This bill (SB 1262) is most definitely NOT pro-patient, does not ensure safe access and instead, if passed into law, will strengthen the grip that law enforcement, cities and counties currently have against cannabis.
San Francisco, CA (PRWEB) July 15, 2014
California Cannabis Voice is committed to organizing at the grassroots level but can only do so effectively and credibly if it is honest, transparent and willing to empower our constituency. That’s why CCV staff continue to update members, the news media and anyone who wants to learn how the PAC is implementing its outlined plan at the state and local levels and what local chapters are planning.
The cannabis community is a mature, sustainable, and professionally run industry that is seeking avenues to finally be embraced by the wider community that depends upon it, said CCV executive director and civil rights attorney Matt Kumin. But each region of the state has its own culture and faces unique challenges to organizing. CCV is committed to working with communities to build a new approach focused on ensuring the voice of the cannabis community is heard, he said.
Humboldt County Report
The California Cannabis Voice Humboldt leadership team recognized that hiring Richard Marks as a community organizer and political consultant was a game changer, Kumin said. Marks was a consultant to 4 out of the 5 sitting supervisors’ successful elections, including having chaired the Virginia Bass’s campaign, and he is currently a Harbor Commissioner and a political insider.
Hiring Marks created much local buzz and was a sign to the community that this Humboldt activist group was serious, Kumin said. The Humboldt team knows that being politically active is essential for protection, growth and sustainability. (To learn more, see the L ost Coast Outpost articl e and column about Marks and listen to Kerry Reynold’s KMUD interview with Marks).
CCV Humboldt’s plan for developing and passing sensible regulations, according to the local leadership team, rests on a key belief: that community-wide consensus will ensure the county’s environment and cannabis-based economy are protected, Kumin said. The strategy is transparent and compelling –- the Humboldt cannabis industry at all levels of production is engaging with community stakeholders and their concerns regarding the environment and land stewardship, public safety, taxation and patient access.
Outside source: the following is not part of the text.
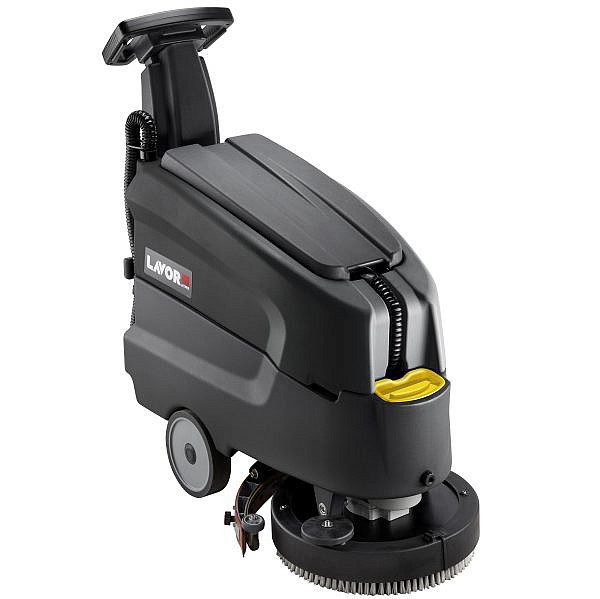 Фото 6 - Поломоечная машина LAVOR Pro Dynamic 45 B.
Making cannabis policy without knowing the financial size of the industry is ill-informed as failing to understand the impact of any major contributor to the local economy would be, Kumin said. For this reason, CCV Humboldt will be making a formal request to the board of supervisors that they initiate a countywide economic impact report on the direct and indirect impacts of the cannabis industry. It is imperative to know how large this industry really is if we are going to create public policy to legitimize it and not kill it, he said.
The first major stakeholder event will take place on September 15, 2014, at the Elks Lodge in Eureka. Matthew Owen of the Rotary Club will be introducing and hosting the program which will feature a panel with Sheriff Downey, District Attorney-Elect Maggie Fleming, a representative from EPIC, Matt Kumin from California Cannabis Voice, and a representative from the medical cannabis patient and medical side.
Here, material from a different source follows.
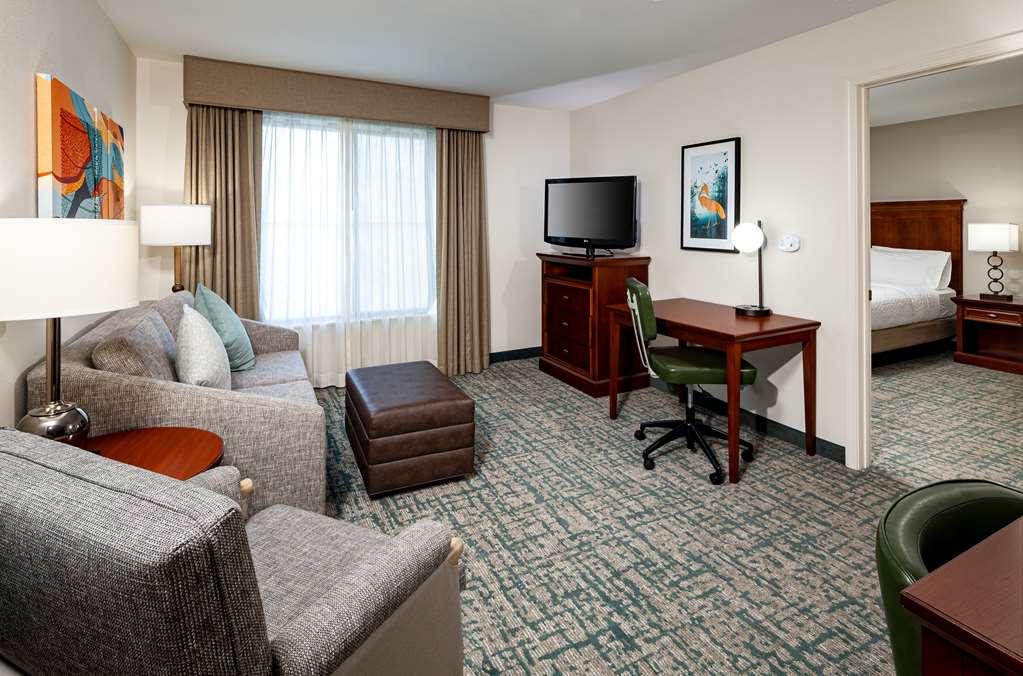 Homewood Suites By Hilton Gainesville Cameră foto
Marks said he and the Humboldt team will soon announce the next event, tentatively scheduled for October 2014. It will be a community-wide meeting with all stakeholder groups represented and professionally facilitated. The goal for this stakeholder event is simple: communicate concerns, find common ground, announce agreed-upon principles then task a group to draft regulations. Those regulations will be turned into a citizen’s initiative. Once filed, the initiative can, by law, be adopted by the board of supervisors. If not, it will be placed on the November 2015 county ballot.
Kumin said that “Most of us are cynical about the current political process. We mostly see stalemates and blocking. Yet, we all want our elected officials to take action and make rational decisions. The problems and causes of a broken political system are difficult to fully understand but certainly, the apathy of the voters (which stems from cynicism) and the feeling of detached disempowerment play a key role. How can our elected officials legislate when they cannot get quality feedback from us, the citizens?”
The facilitated meeting process described above is designed to re-engage the community at the grassroots level and restore participatory democracy. The CCV Humboldt team states they hope to model a rational way forward and to break the logjam. Furthering that goal, observers from other parts of the state will be invited to these innovative meetings and will be encouraged to consider developing this strategy for effective community decision-making in their own communities.
Trinity County Report
Trinity County is one of the state’s sparsely populated areas with the official census data showing 13,786 citizens (2010 Census). When CCV first met with members of the cannabis community in the Kettenpom neighborhood, lobbying the Trinity County Board of Supervisors was discussed and possibly drafting language for a county-wide ballot initiative to be placed on the November 2015 ballot, Kumin said.
While cannabis rights was the topic of the night, at least half of the people who showed up came strictly for preserving or restoring property rights, said Diane Richards, a Trinity resident and strong advocate of property rights and the cannabis community. They were outraged because seemingly overzealous county code enforcement red tagged dozens of long-time established homes, and she said these workers were allegedly encouraged by county supervisors to prey upon poor and elderly citizens.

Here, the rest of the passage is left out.